- _GIVEN DATA_:
━━━━━━━━━━━━━━━━━━━━━━━━━━━━━━
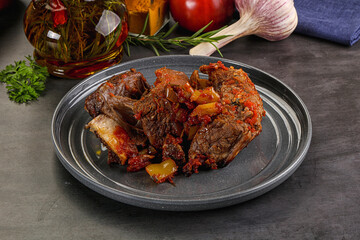 Baked beef ribs with vegetables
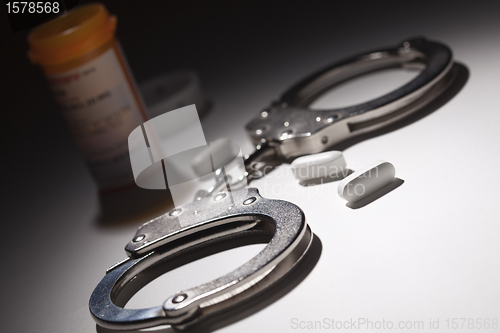 Image of Handcuffs, Medicine Bottle and Pills Under Spot Light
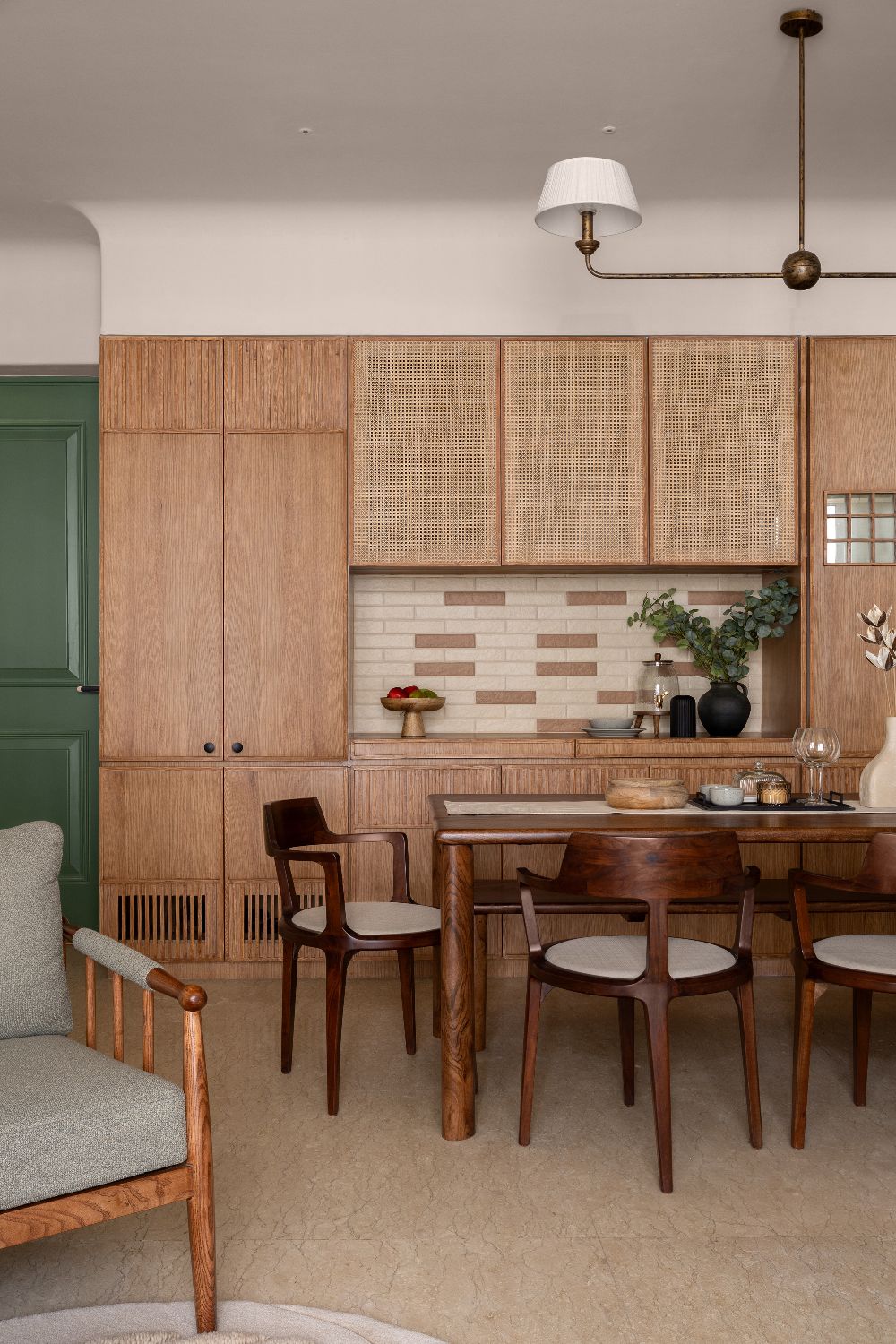 Dining with a green door, cane cabinets and hand-glazed tile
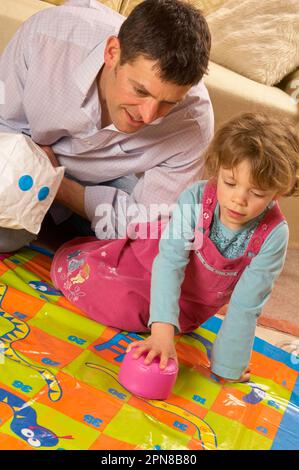 Père et jeune fille jouant avec un jeu de serpents et d'échelles d'intérieur surdimensionné Banque D'Images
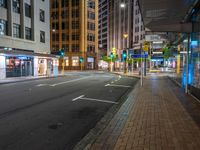 the streets of city are deserted at night as people walk across the street in front of buildings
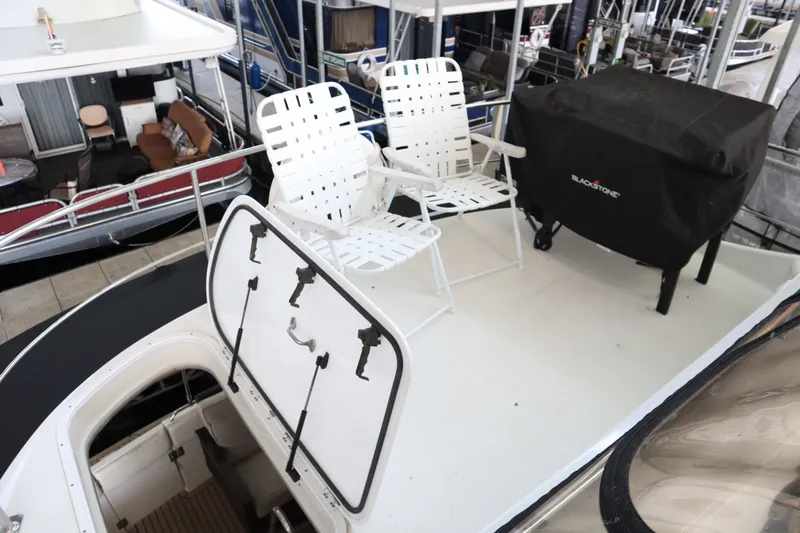 Slide: The Image of 1999 Carver Yacht Voyager 530 deck with chairs and covered grill. - 31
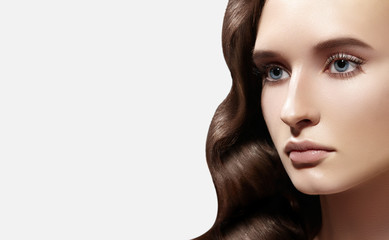 Glamour Woman with Fresh Daily Make-up on White. Wavy Hairstyle. Shiny Hair, smooth clean Skin, natural Makeup eyebrows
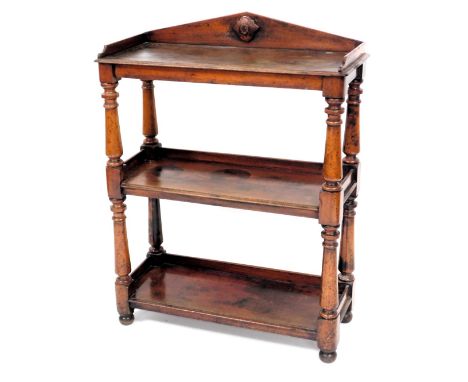 A Victorian mahogany buffet, the galleried top over two shelves, united by turned columns, raised on bun feet, 100cm high, 76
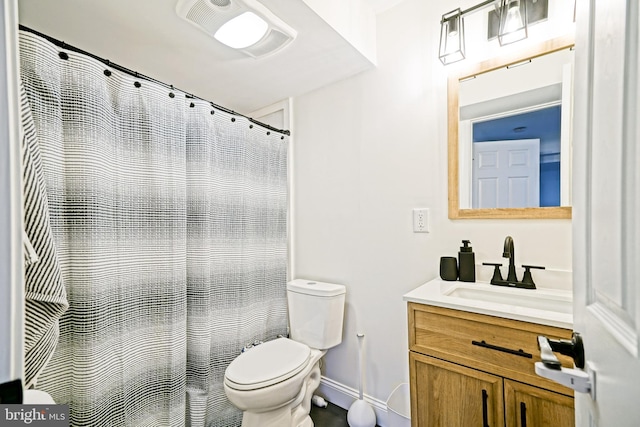 bathroom featuring vanity, curtained shower, toilet, and baseboards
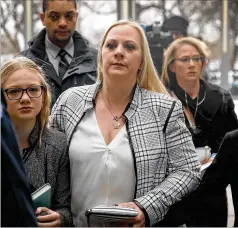  ?? GETTY IMAGES ?? Family members of former Chicago police officer Jason Van Dyke, including his wife, Tiffany, arrive at the Leighton Criminal Courts Building for his sentencing in the 2014 murder of 17-year-old Laquan McDonald.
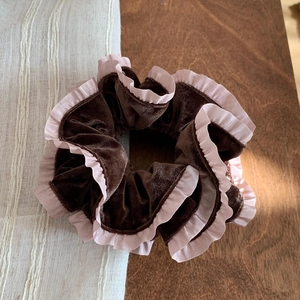 Dettaglio di scrunchie in velluto marrone con bordo plissettato rosa su legno rustico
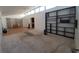 Spacious living room with high ceilings, clerestory windows, and a built-in bookshelf at 165 W Alma Ave, Overton, NV 89040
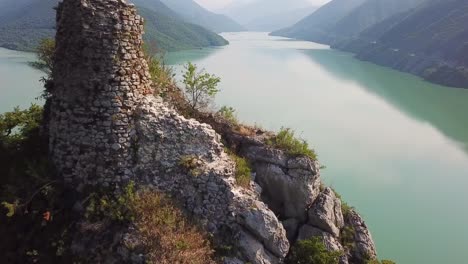Aerial-Over-An-Abandoned-Ruin-On-Lake-Zhinvali-In-The-Republic-Of-Georgia-1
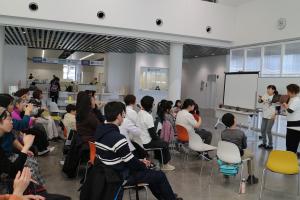 全体写真：イベント会場の様子（講師が前に立ち、参加者が手話を学ぶ）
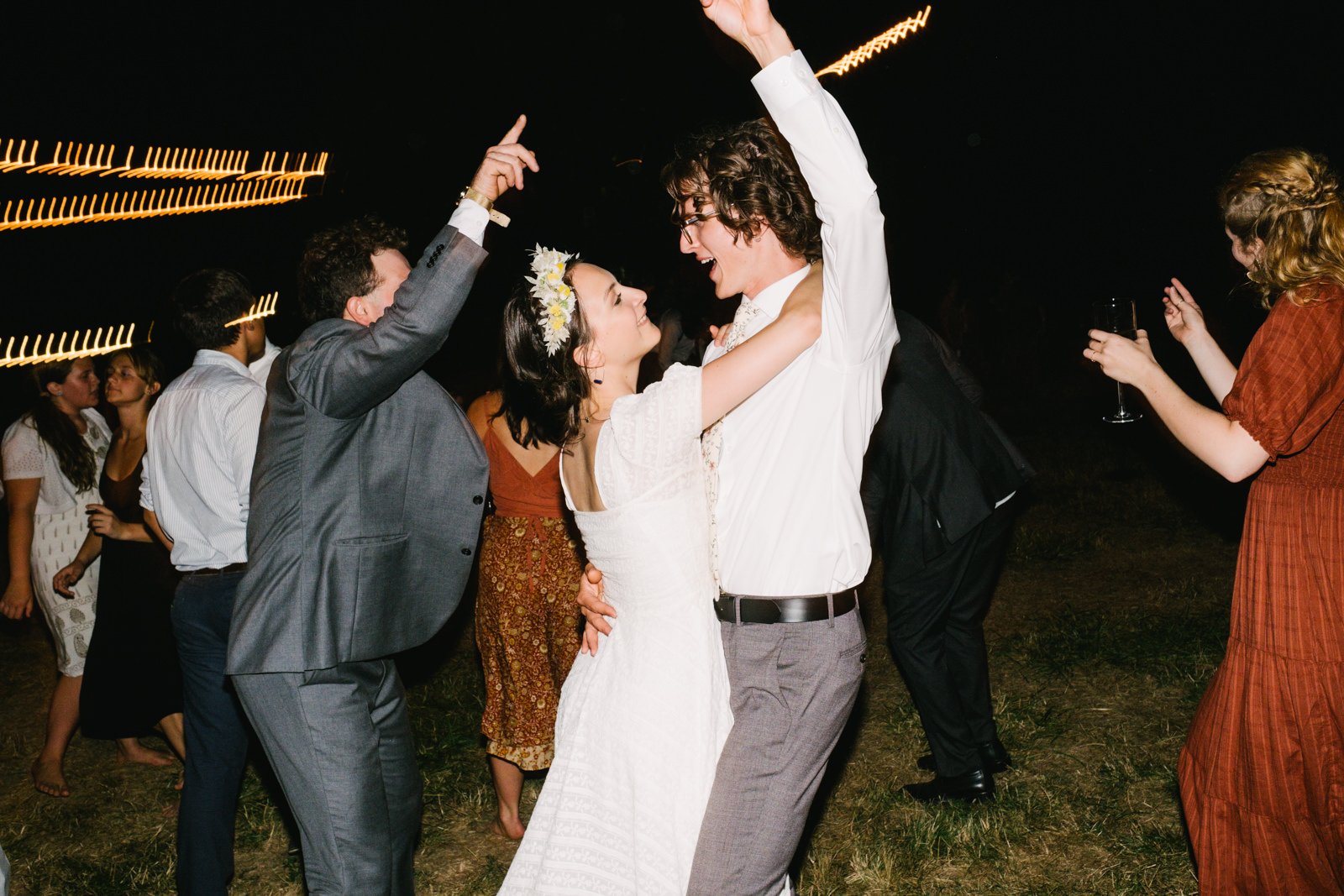  Bride and groom dance together during party 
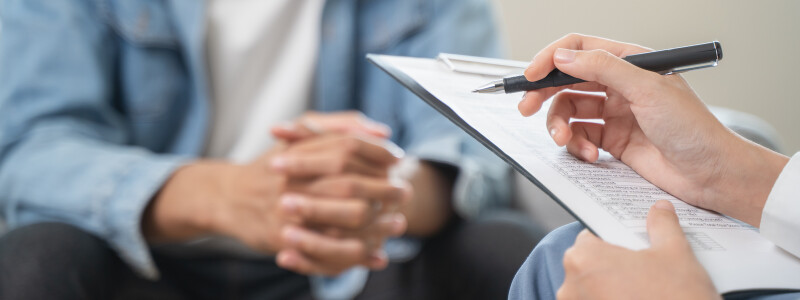 A close up of a mental health counselor taking notes during a session with a patient facing them
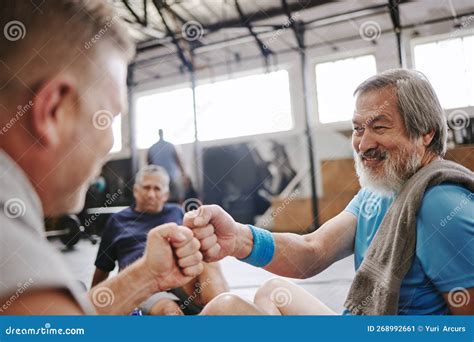 Fitness Gym And Men With Fist Bump For Senior Support Personal Trainer Goals And Exercise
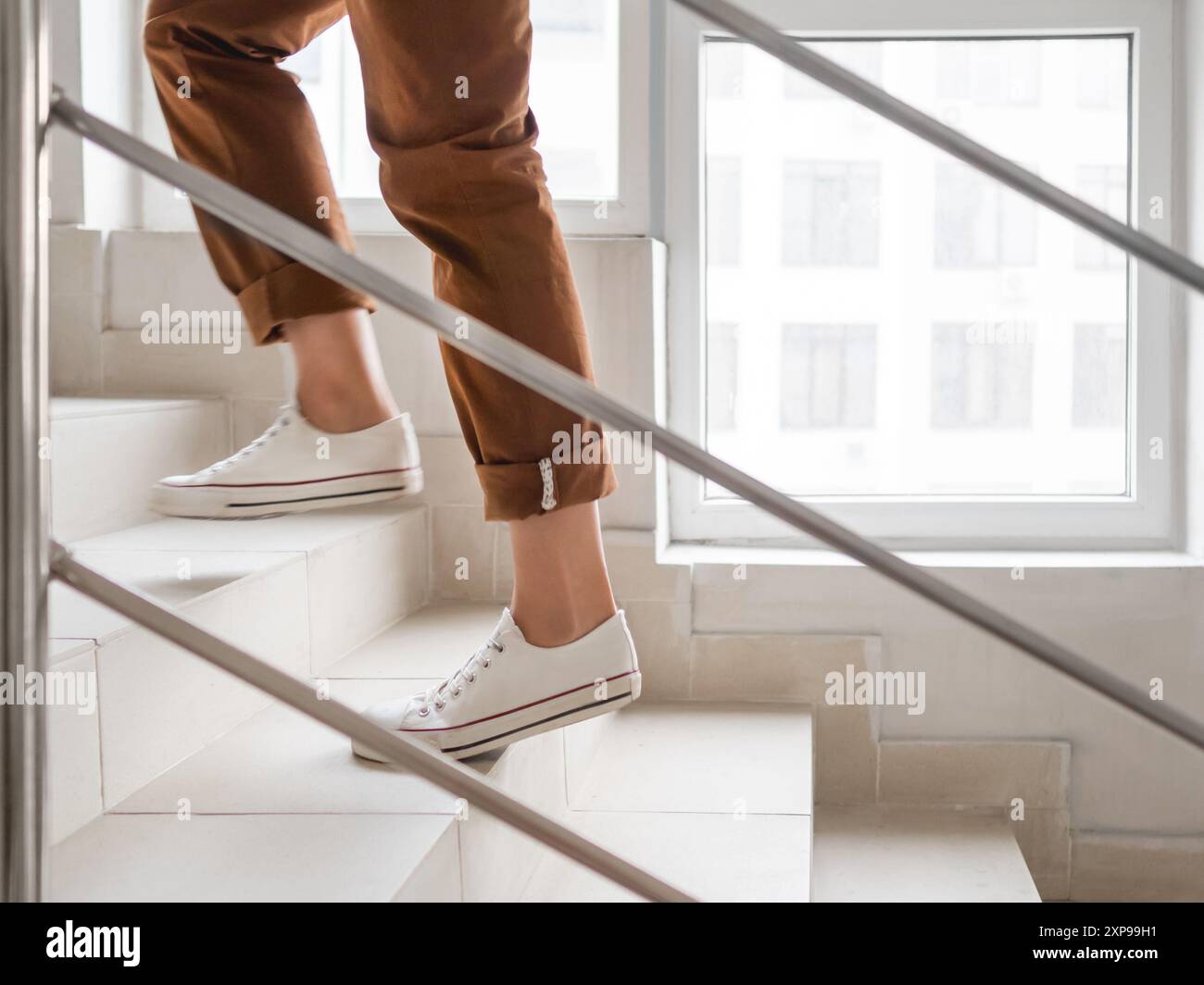 Donna in sneakers bianchi e pantaloni kaki va al piano superiore al suo appartamento. Scala bianca nell'edificio di appartamenti. Outfit casual, moda urbana. Foto Stock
━━━━━━━━━━━━━━━━━━━━━━━━━━━━━━
- _AIM OF THE EXERCISE_: The lines wanted run from the first one in the material above through the line containing "Père et jeune"; give them again exactly, leaving out the pictures.

- _FINISHED EXERCISE_:
 Baked beef ribs with vegetables
 Image of Handcuffs, Medicine Bottle and Pills Under Spot Light
 Dining with a green door, cane cabinets and hand-glazed tile
 Père et jeune fille jouant avec un jeu de serpents et d'échelles d'intérieur surdimensionné Banque D'Images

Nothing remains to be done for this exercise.